### Given material
# # # #
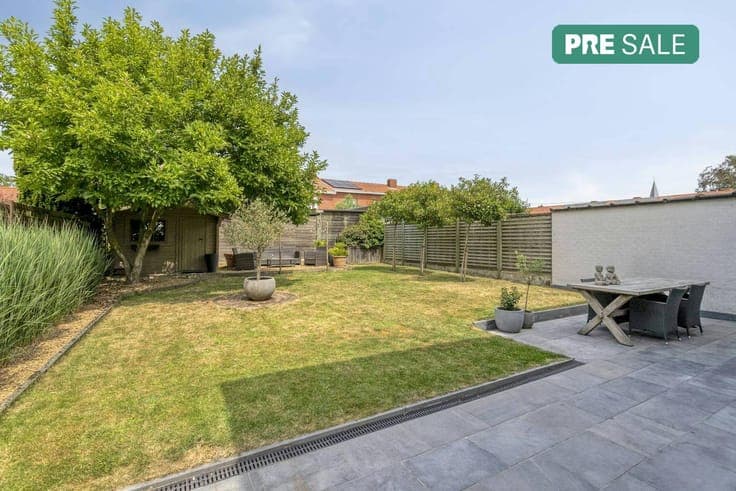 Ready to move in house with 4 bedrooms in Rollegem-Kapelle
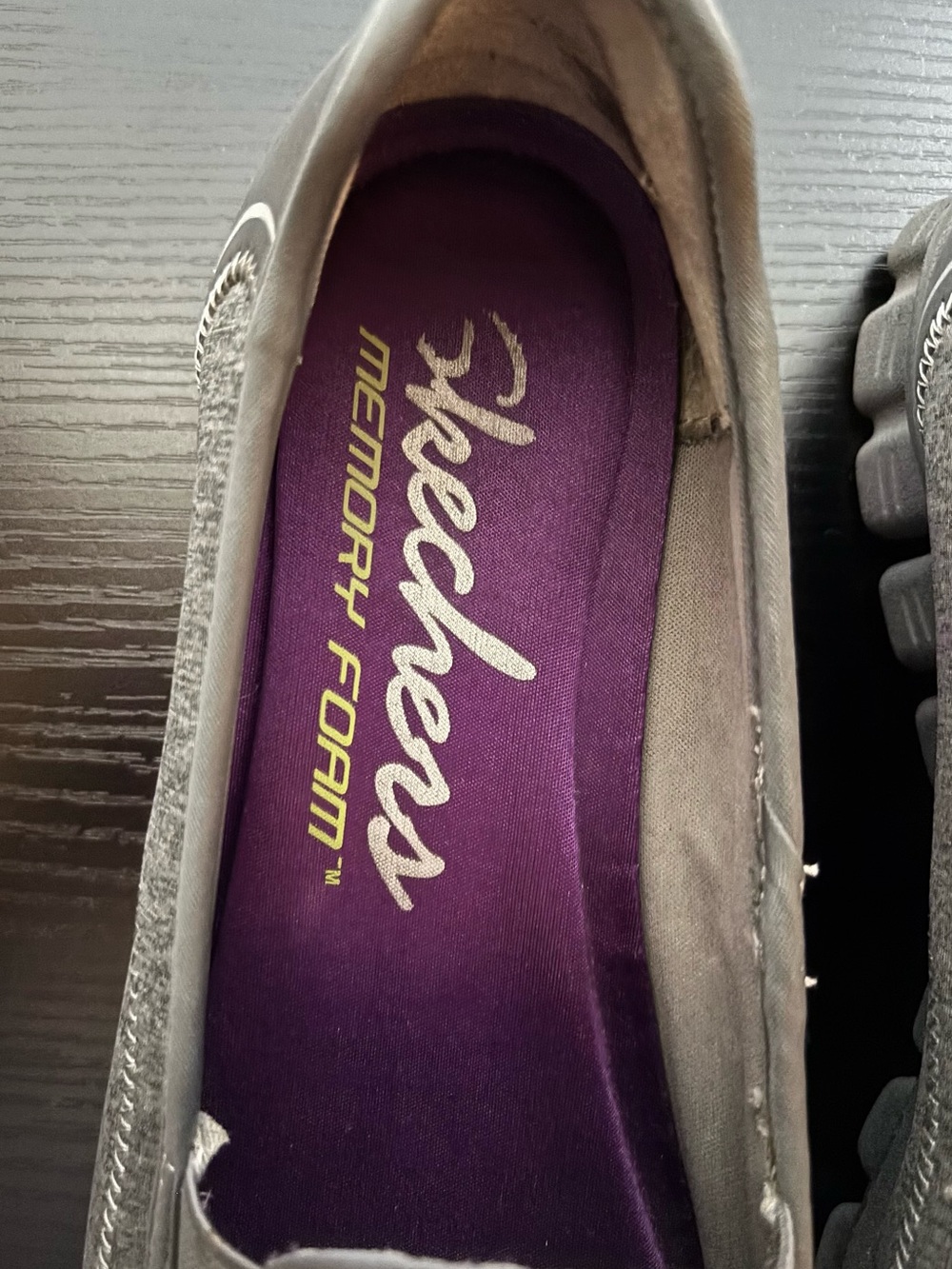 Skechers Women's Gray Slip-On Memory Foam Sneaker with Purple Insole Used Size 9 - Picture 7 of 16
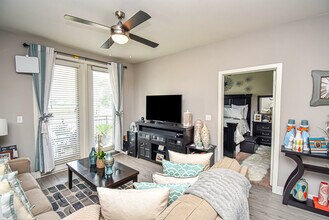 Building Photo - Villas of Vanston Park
# # # #
### What you will do
Copy each line above precisely, dropping the pictures.

### Expected output
 Ready to move in house with 4 bedrooms in Rollegem-Kapelle
 Skechers Women's Gray Slip-On Memory Foam Sneaker with Purple Insole Used Size 9 - Picture 7 of 16
 Building Photo - Villas of Vanston Park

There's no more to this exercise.